● **Work instructions**
Starting at the line that contains "Batch 2_2026 - Rafael Fernandez", reproduce only the lines through the end of the data, exactly, including both the first and the last; skip the pictures.
Start of Supplied information
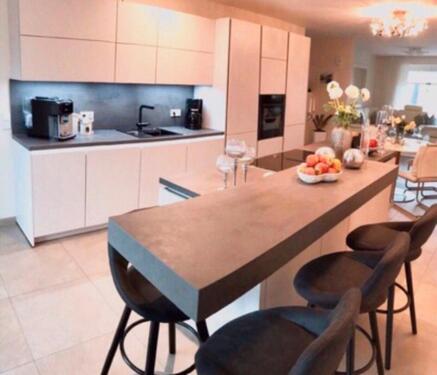 Foto - 4 Zimmer Einfamilienhaus in Großenwiehe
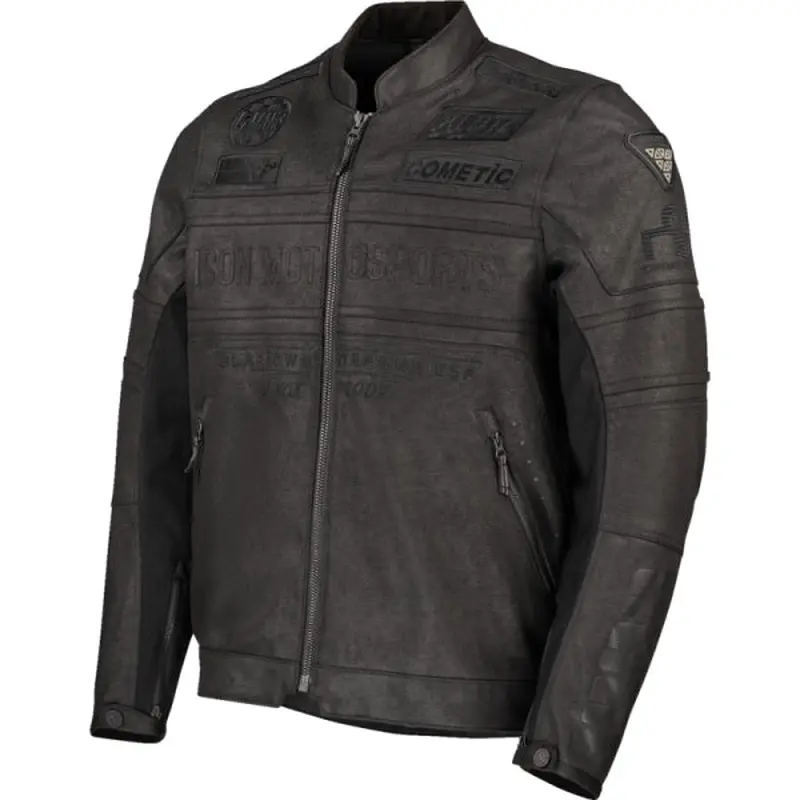 Manteau de Moto Neo Daytona 2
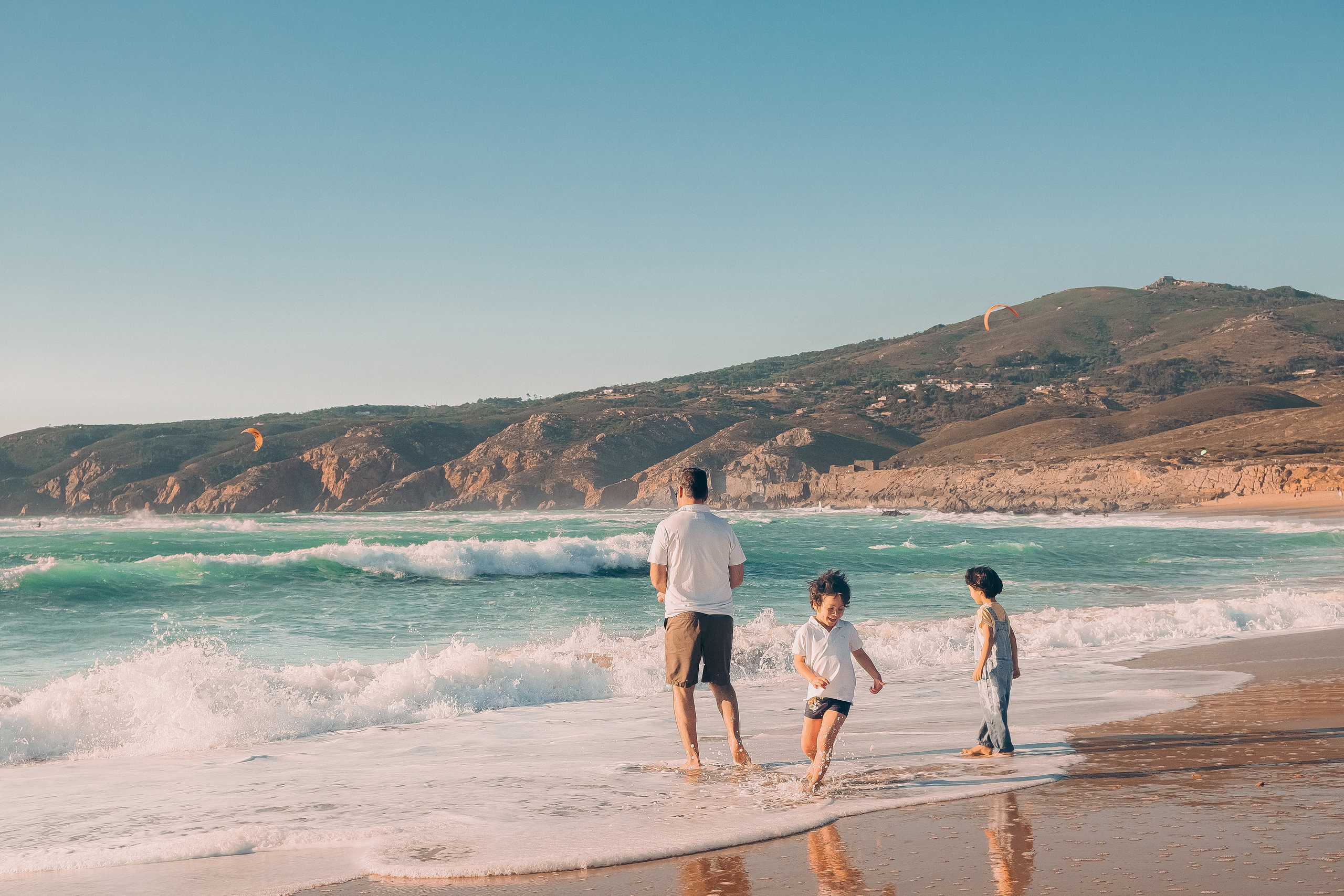 Фотосессія за 15 хвилин. life style. Валерія Сичова. Сімейний та репортажний фотограф в Португаліі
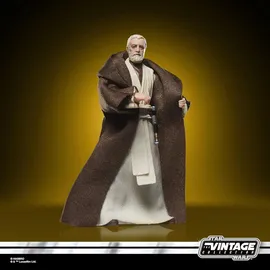 Hasbro Star Wars The Vintage Collection Ben (Obi-Wan) Kenobi 9,5 cm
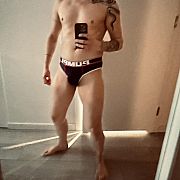 SubForDom34 - мужчина, 35 лет, Kraków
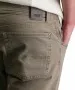 Herren Jeans Rando 1680 von Pioneer in Camel stonewash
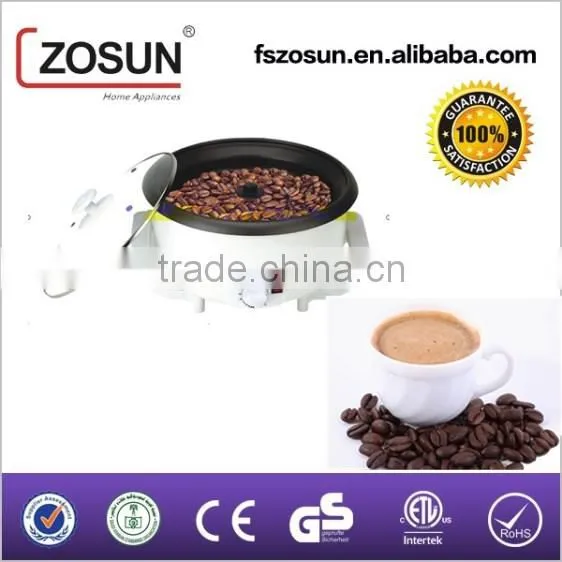 Fashionable 800W Turkish Coffee Roaster Machine photo-5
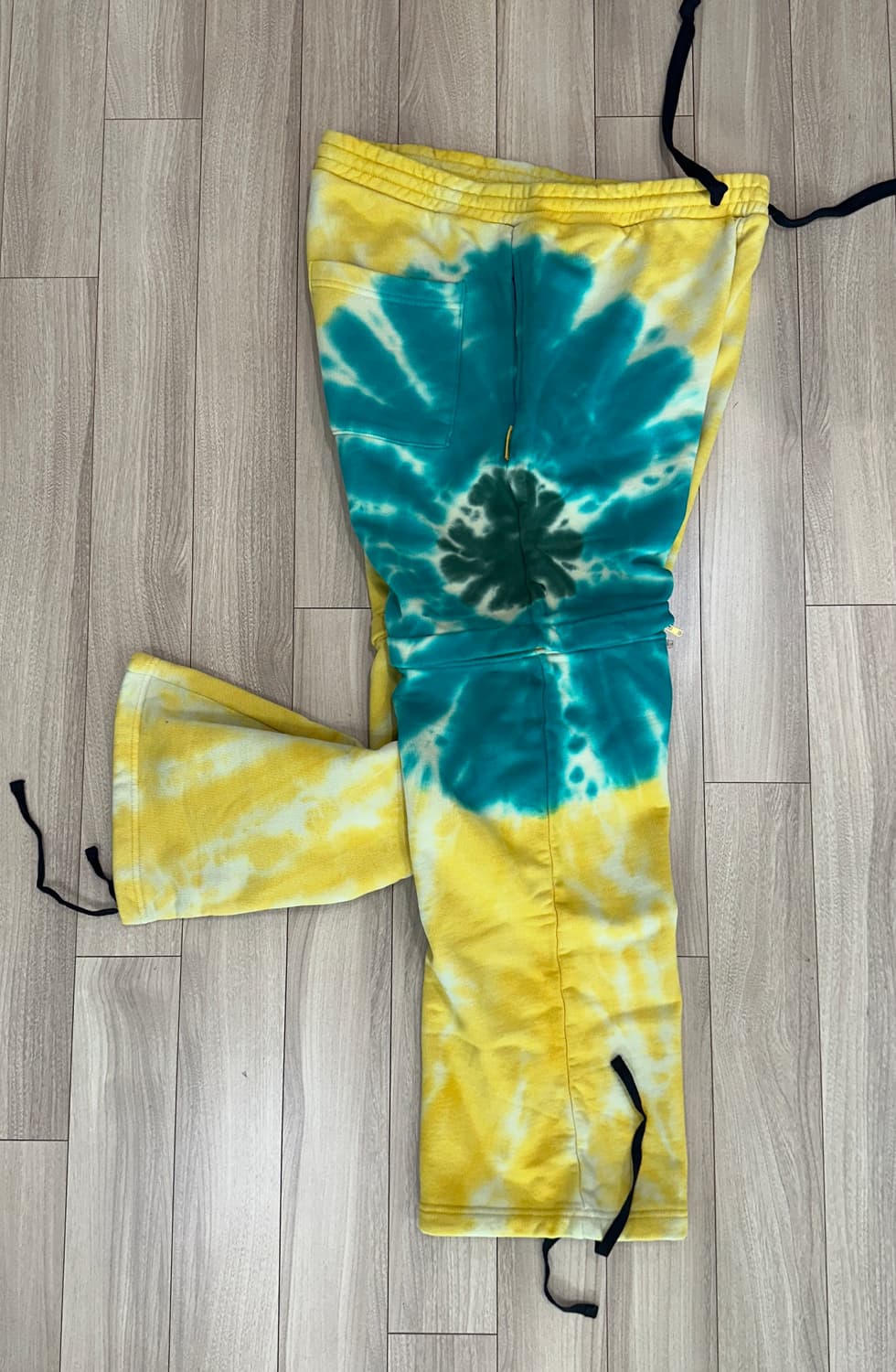 Round 2 x JSP Tie Dye Pants 상품이미지5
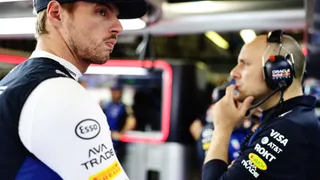 Verstappen: “Madrid pista sfidante, è una Gedda con curve più lente”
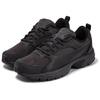 New PUMA Milenio Low Top Casual Shoes Unisex Black 402113-01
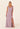 Chiffon Bridesmaid Dress with Tied Bow Straps Madeline Gardner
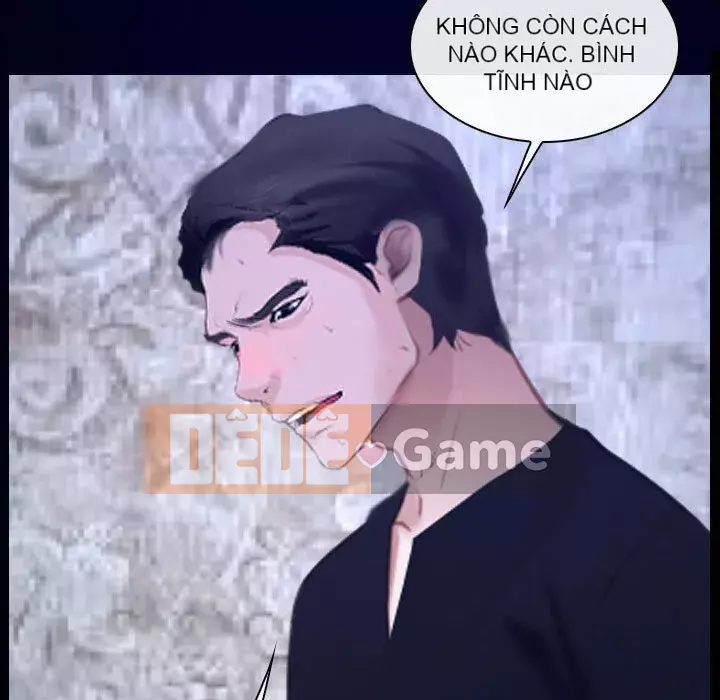 Nói yêu tôi thật to Chương 31-32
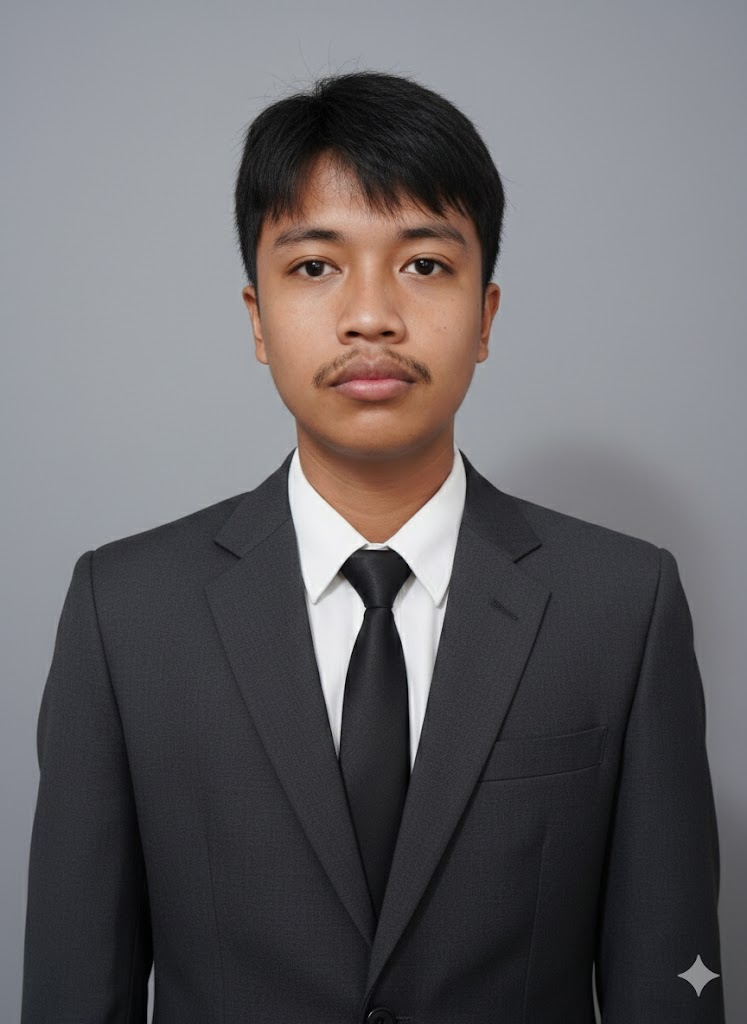 Batch 2_2026 - Rafael Fernandez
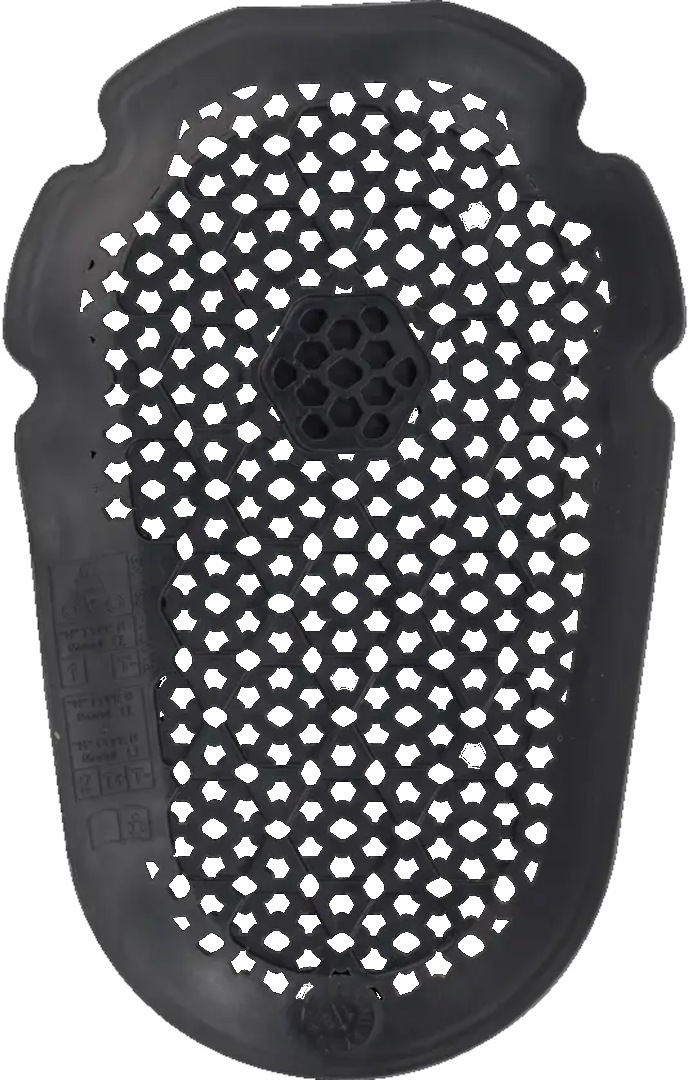 Bering Protect Flex Alpha Hanche Type B Protecții de șold Figura 3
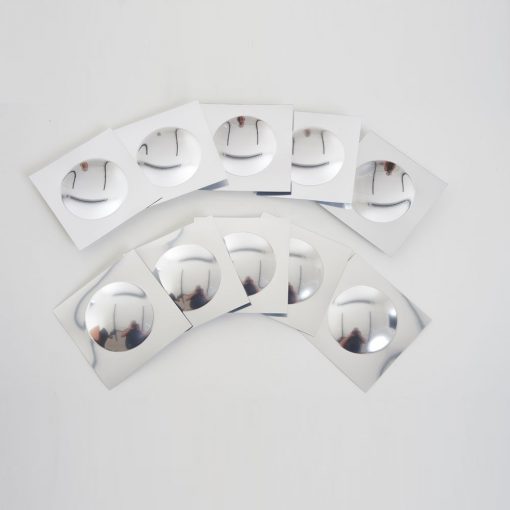 Pasqyrë Convex/Concave (OP016)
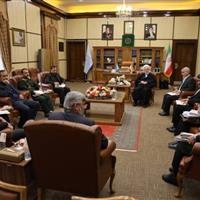 جدیت وزارت دادگستری برای گرفتن یقه جنایتکاران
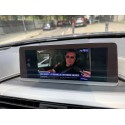 BMW SERIE 4 CABRIOLET F33 LCI 430i 252 ch BVA8 Luxury/ FULL ENTRETIEN BMW
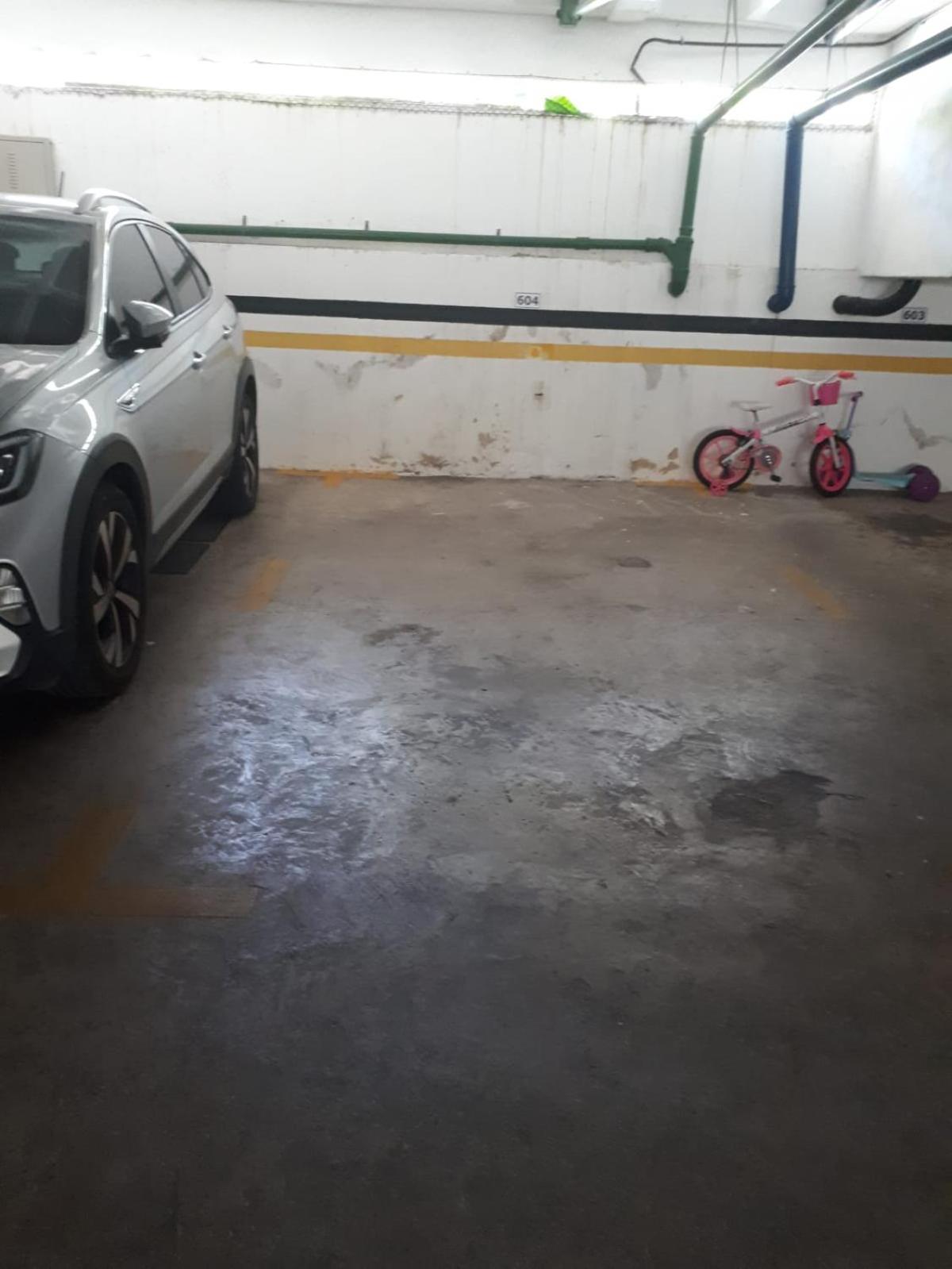 Luxor Aluguel por temporada 2 quartos 2 banheiros com split garagem coberta e ótima localização
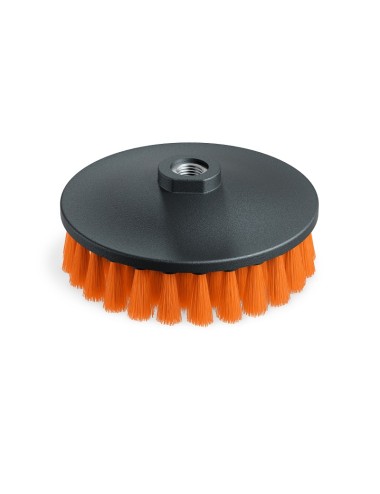ADBL Twister Soft 125mm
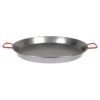Garcima SL stalen paellapan 46cm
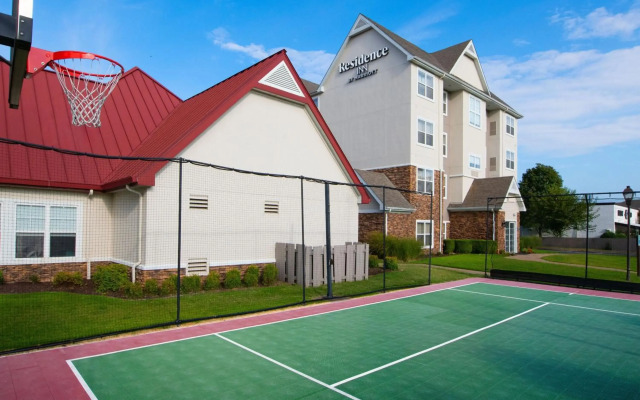 Residence Inn by Marriott Rogers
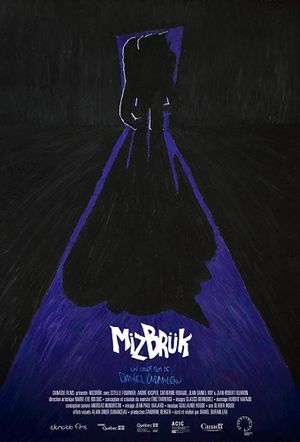 Mizbrük's poster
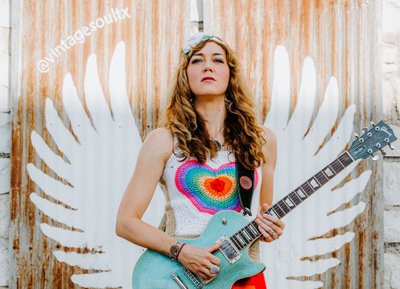 Meagan Tubb & Shady People photo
End of Supplied information
● **Response below**
 Batch 2_2026 - Rafael Fernandez
 Bering Protect Flex Alpha Hanche Type B Protecții de șold Figura 3
 Pasqyrë Convex/Concave (OP016)
 جدیت وزارت دادگستری برای گرفتن یقه جنایتکاران
 BMW SERIE 4 CABRIOLET F33 LCI 430i 252 ch BVA8 Luxury/ FULL ENTRETIEN BMW
 Luxor Aluguel por temporada 2 quartos 2 banheiros com split garagem coberta e ótima localização
ADBL Twister Soft 125mm
Garcima SL stalen paellapan 46cm
 Residence Inn by Marriott Rogers
 Mizbrük's poster
 Meagan Tubb & Shady People photo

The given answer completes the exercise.